Here we load the values needed and multiply them accordingly and then after we get the final offset that is stored into %21, we load the array into %22 and thanks to the getelementptr inbounds instruction we receive the pointer to the element that is pointed by the array plus the offset, after we get this pointer we access it thanks to the load instruction and then print it.

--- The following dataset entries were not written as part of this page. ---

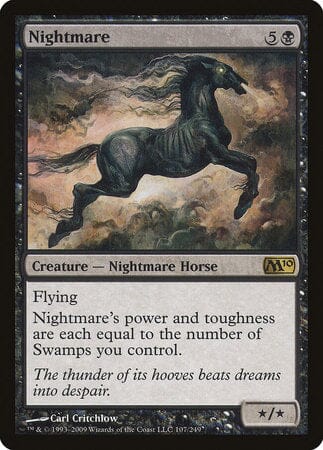 Nightmare [Magic 2010] MTG Single Magic: The Gathering  | Multizone: Comics And Games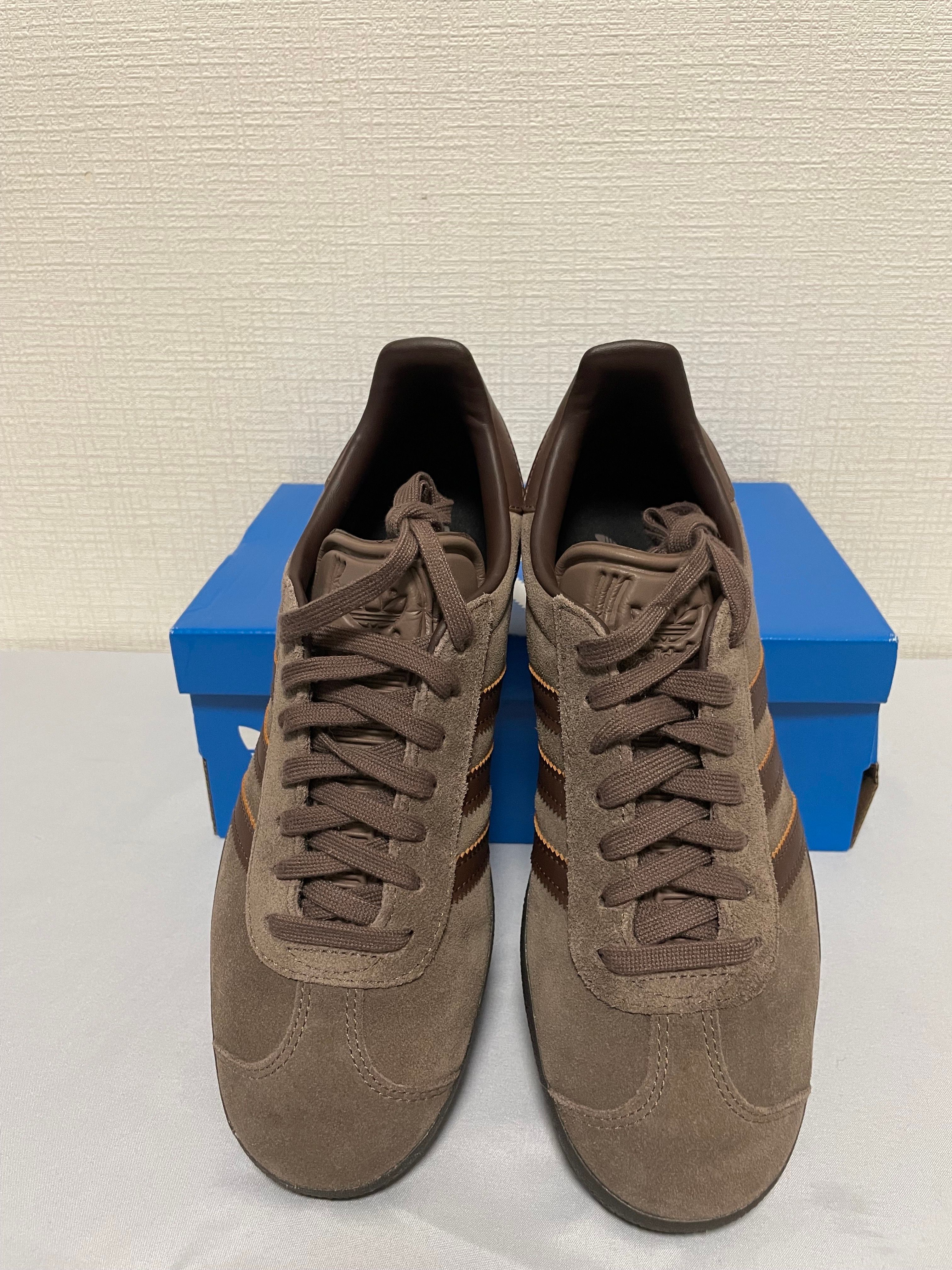 adidas Gazelle "Earth Straighter/Brown/Gum"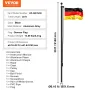 30FT Detachable Flagpole Kit, Heavy Duty Aluminum Alloy Flag Pole Kit in Ground for Outdoor, 3 Display Modes Flagpole with Profe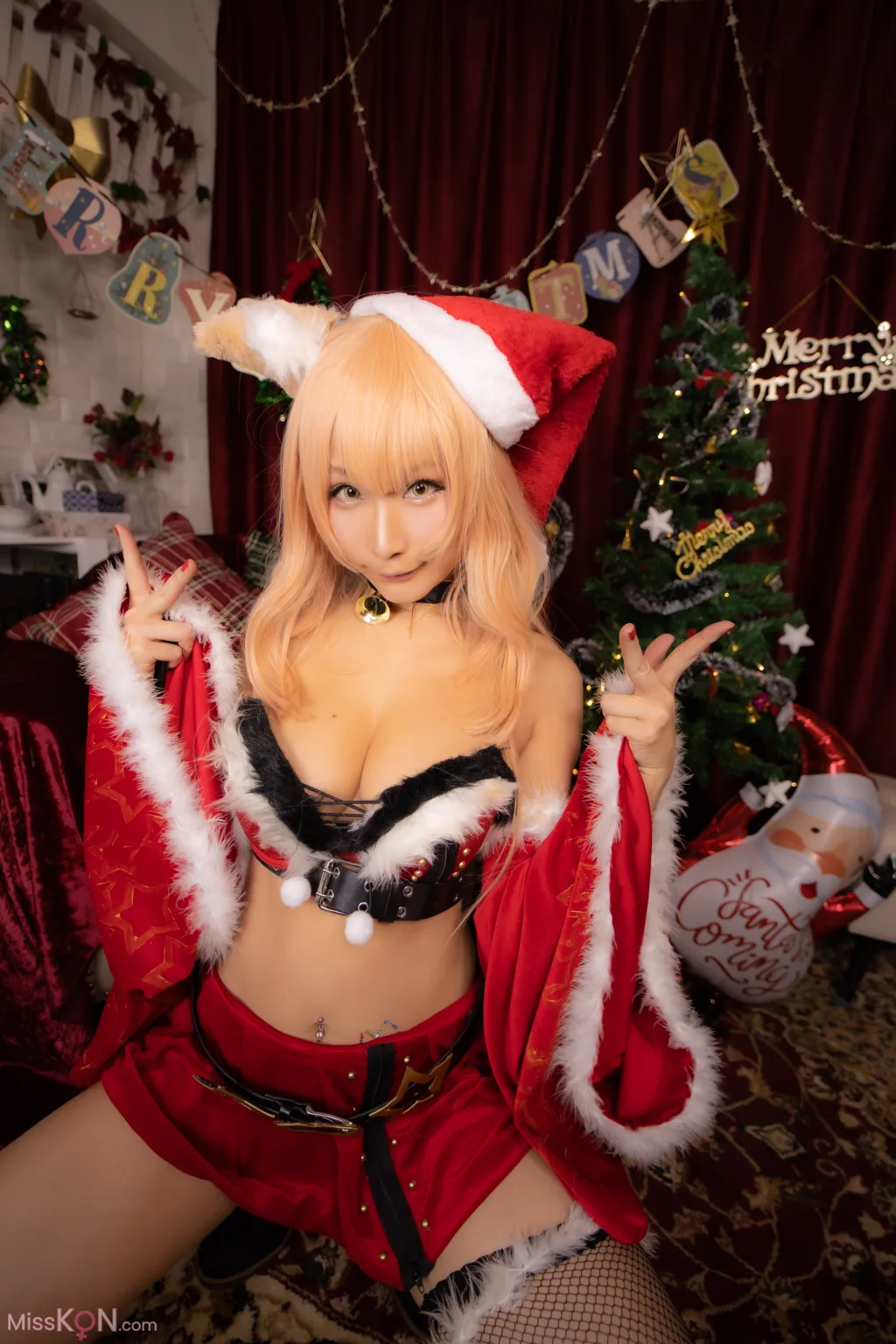 Coser@Atsuki (あつき)_ Winter Omake – Santa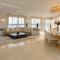 Marble flooring designs for living room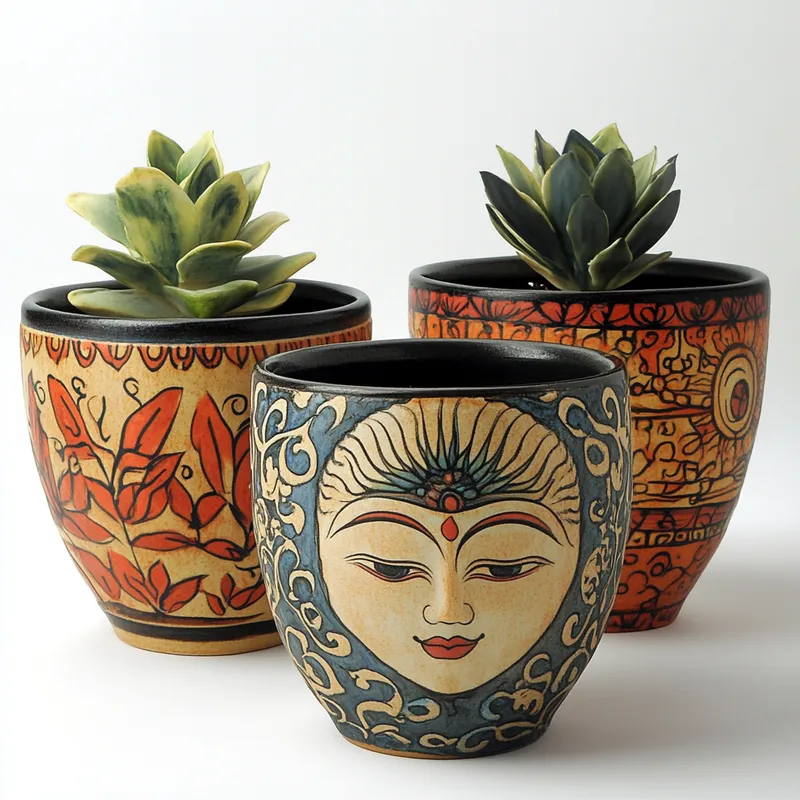 Heritage Arunachal Pradesh Planters Planter Sets Collection Variant 3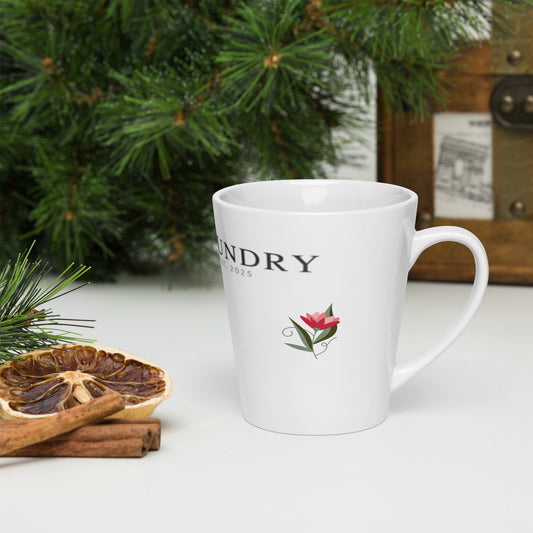 Flower mug 12oz right — Fog & Foundry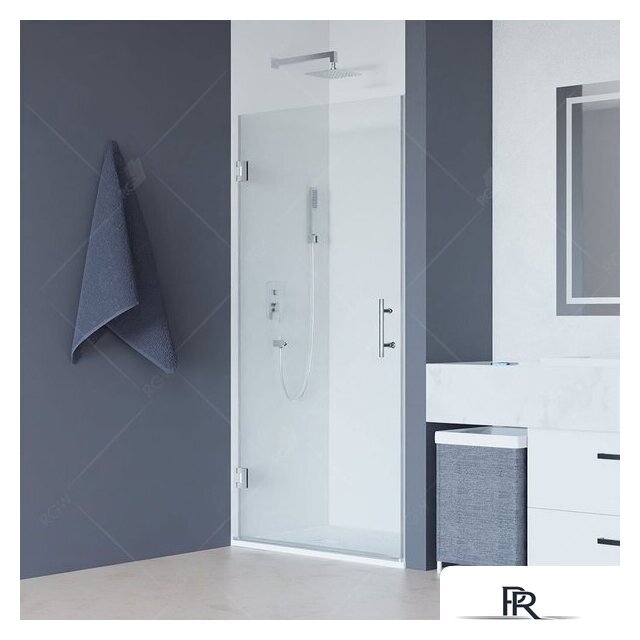Душевая дверь RGW HO-011 350601109-21 90 (хром/сатинат стекло) - Изображение №1 — Интернет-магазин ПроЗаказ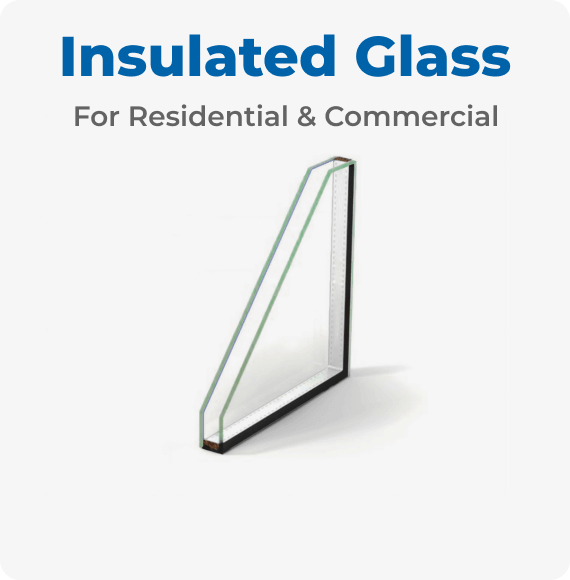 right triangle insulated glass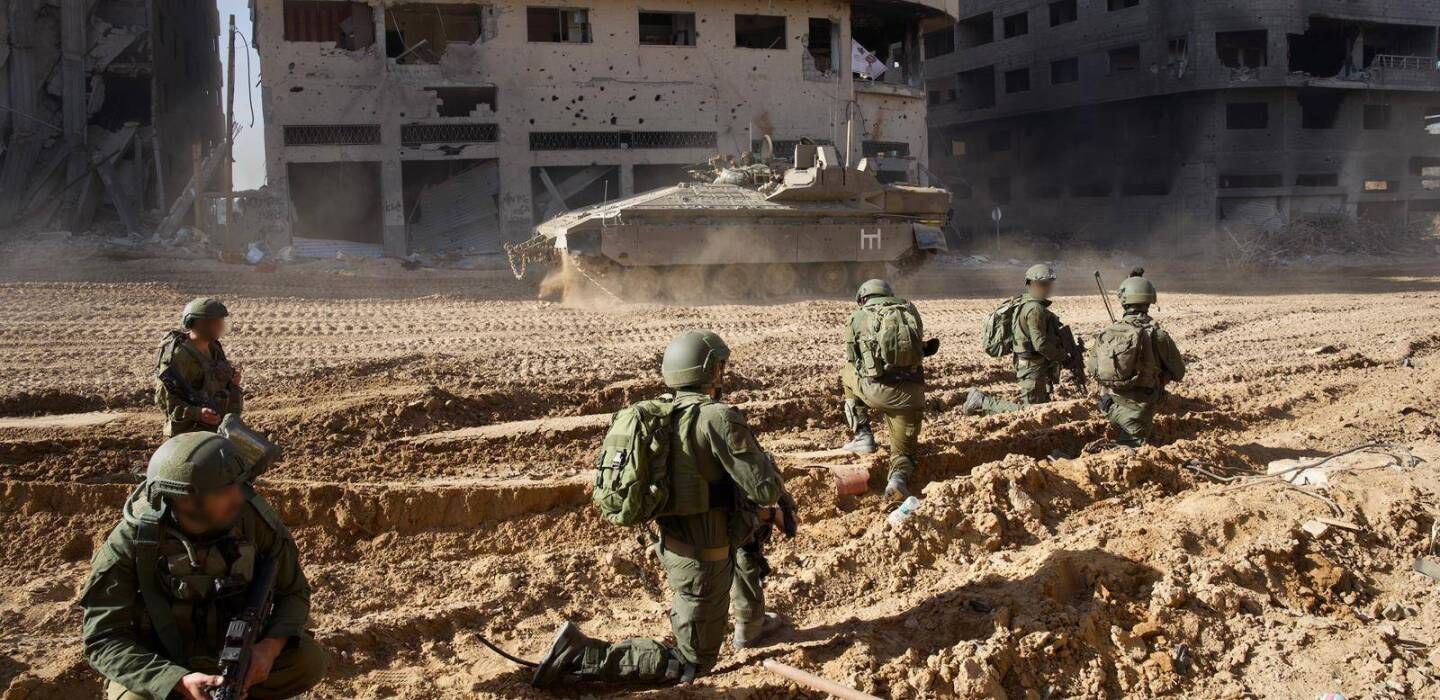 Gaza : Tsahal dévoile la dernière cache du chef du Hamas sous l’hôpital de Khan Younès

If arr was a normal array and not a parameter of a function this process will be much different in fact we will move through the array for each dimension with the getelementptr inbounds instruction, that in this case is used only once, so if we would want to access arr2[a][b][c] and for example arr2 was of type int[2][3][4] the output would look like this:

%14= load i32,i32* %2 ; %2 represents the pointer to the variable a
%15= getelementptr inbounds [2 x [3 x [4 x i32]]],[2 x [3 x [4 x i32]]]* %1,i32 0,i32 %14
%16= load i32,i32* %5 ; %5 represents the pointer to the variable b
%17= getelementptr inbounds [3 x [4 x i32]],[3 x [4 x i32]]* %15,i32 0,i32 %16
%18= load i32,i32* %11 ; %11 represents the pointer to the variable c
%19= getelementptr inbounds [4 x i32],[4 x i32]* %17,i32 0,i32 %18
%20= load i32,i32* %19
%21= call i32 (i8*, ...) @printf(i8* getelementptr inbounds([3 x i8],[3 x i8]* @.str.int,i32 0,i32 0),i32 %20)
%22= call i32 (i8*, ...) @printf(i8* getelementptr inbounds([2 x i8],[2 x i8]* @.str.space,i32 0,i32 0))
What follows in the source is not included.